INTRODUCTION
BK virus (BKV) was first described by Gardner et al. in 1971, isolated in the urine and urinary epithelium of a renal transplant recipient with renal failure and ureteral stenosis[1]. BKV is a non-enveloped, 42 nm virus with a double-stranded circular DNA containing 5000 bases and an icosahedral capsid from the Papoavirus group in the Polyomaviridae family[2]. Primary infection is frequently seen in early childhood, sometimes with clinical signs of upper respiratory tract infection, and is usually asymptomatic[2]. After the primary infection, the virus exists in a latent state in the urogenital tract[2].
BKV seroprevalence is 80% in adults worldwide, and BKV infection is seen in 10-60% after renal transplantation. 5% (1-10) of these infections progress as BKV nephropathy (BKVN), and it is still a significant problem affecting allograft survival in the post-transplant period[3]. Alterations in immunosuppressive (IS) treatments and diagnostic approaches lead to epidemiological differences. The incidence of BKVN is higher in the first two years after transplantation and risk is increased in patients over 50 years of age, male gender, cases with high HLA incompatibility, with multiple allograft rejection episodes, and those who receive intensive triple IS therapy[3]. Patients may not show any symptoms other than impaired renal function. BKVN may present with interstitial nephritis, ureteral stenosis, hydronephrosis, and signs of a urinary tract infection. Progressive renal failure is approximately 30-60% in affected cases[2,3].

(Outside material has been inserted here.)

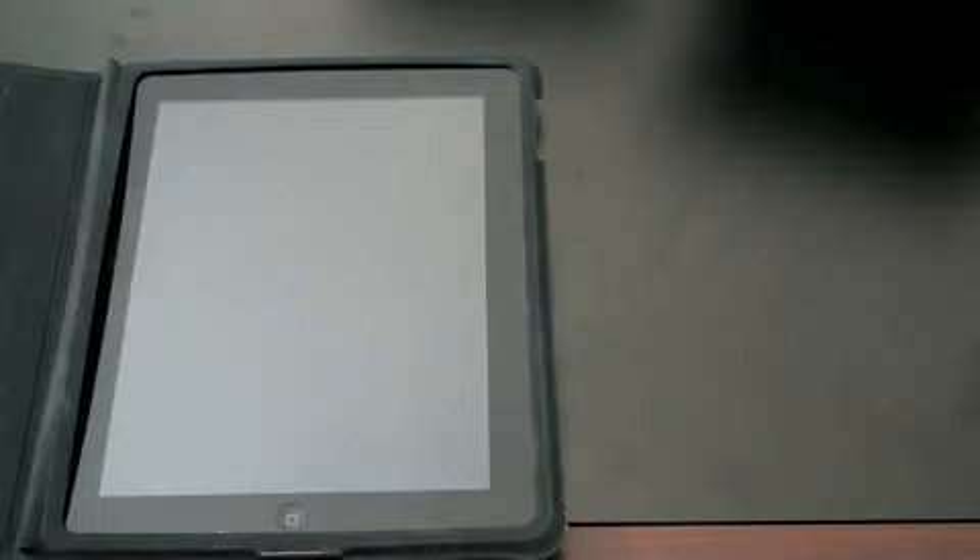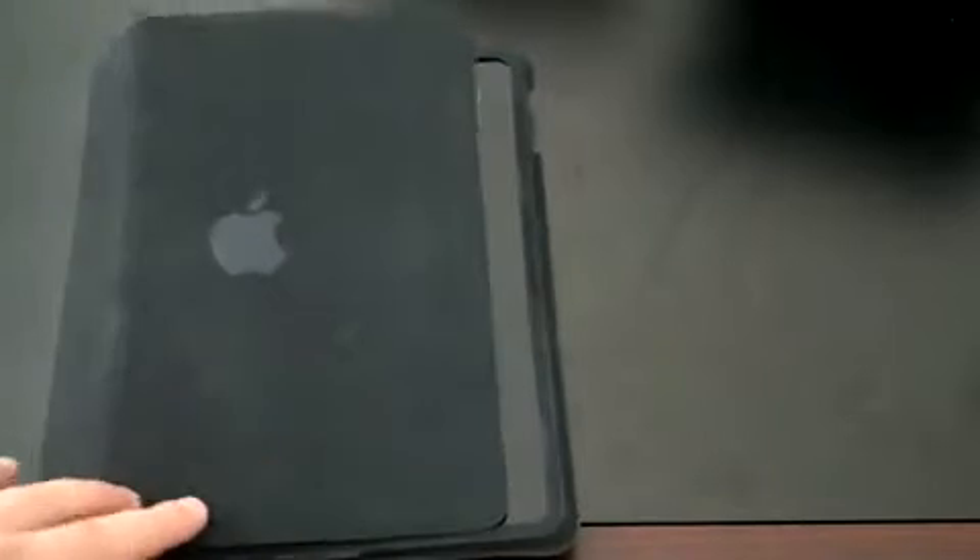Hope you enjoyed this quick overview of the iPad case, and hopefully I saved you 40 bucks where unfortunately I went and wasted mine. I'm John Rettinger from TechnoBuffalo — I'll see you in the next video. Bye-bye.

Early diagnosis of BKVN is essential. Since the disease is mostly silent, it is recommended to regularly monitor BKV DNA in blood and/or urine samples after transplantation[4]. It is recommended to reduce IS therapy in cases with BKV DNA levels above the critical threshold and to confirm both BKVN and the presence of concomitant rejection by performing a biopsy in patients with allograft dysfunction[4]. The crucial point in the treatment of BKVN is to reduce immunosuppression. In addition, cidofovir, intravenous immunoglobulin (IVIG), quinolones, and leflunomide therapy may be applied, but none of these treatments have strong evidence to be recommended[3].
The current knowledge of BKVN is mainly based on cross-sectional patient series with small numbers of cases. The studies reporting disease outcomes with large samples are rare in the literature. With this retrospective study, we aimed to contribute to the literature by analyzing our BKVN experience with the participation of transplantation centers in all provinces of our country.